A Notice of Hearing is a prepared legal document that invokes all parties to hear a motion and may be emitted by any party. Most notably the notice contains a time and date for the court clerk to amend schedule for and what motion will be attempted. Permission to schedule is not required since making motions are protected right.

This kind of motion comes after the commencement of action and summons and until final judgment. One example is a motion to rule a defendant is not responding to summons (to rule against the defendant automatically). Another example is a defendant's motion to object to the summons.

Motions require both sides to be present. A "Notice of Hearing" must be delivered to all parties concerning: the court clerk, the plaintiff, and the defendant.
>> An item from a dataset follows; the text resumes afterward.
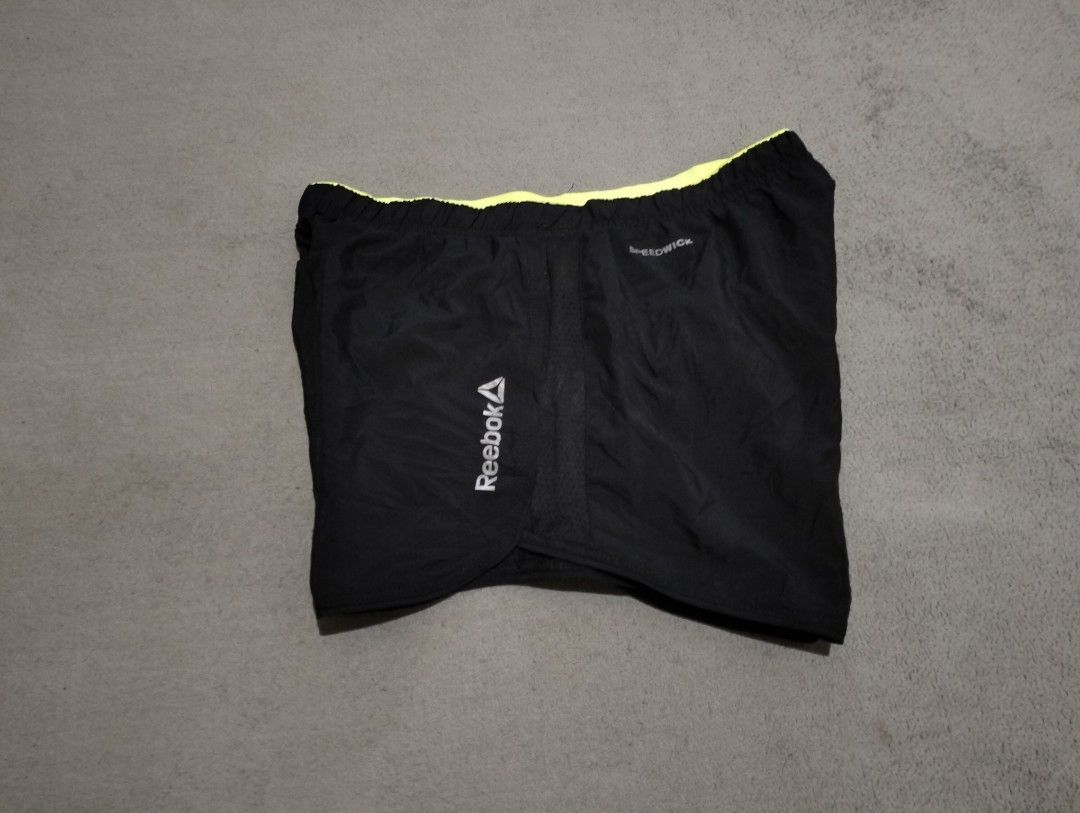 Reebok running short (Category: Shorts) located in Tabaco. Submitted by centthrif55361 (Listing ID 1470387707, Image 2). Description: Reebok running short Xs W:26-27 L:10 Excellent condition Color rate 10/10 No issue .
The date requested must allow all parties due time to prepare. Whether proof of delivery is required is a particular.

Many specifics of what must be on the notification are determined by local regulations. Some specifics include the amount of time the defendant has to respond to the notice (for example, two weeks), the anticipated length of the court session, and any relevant legal disclaimers and warnings.

Often a locality has simple pre-prepared forms available with the clerk and on the internet. Several will be needed.

In the U.S. "the Friday docket" is iconic. A writer of a "Notice of Hearing" needs only to know which hours of Friday their kinds of motions are heard (by the presiding judge of the case) and schedule a Friday couple weeks out from delivery to all parties.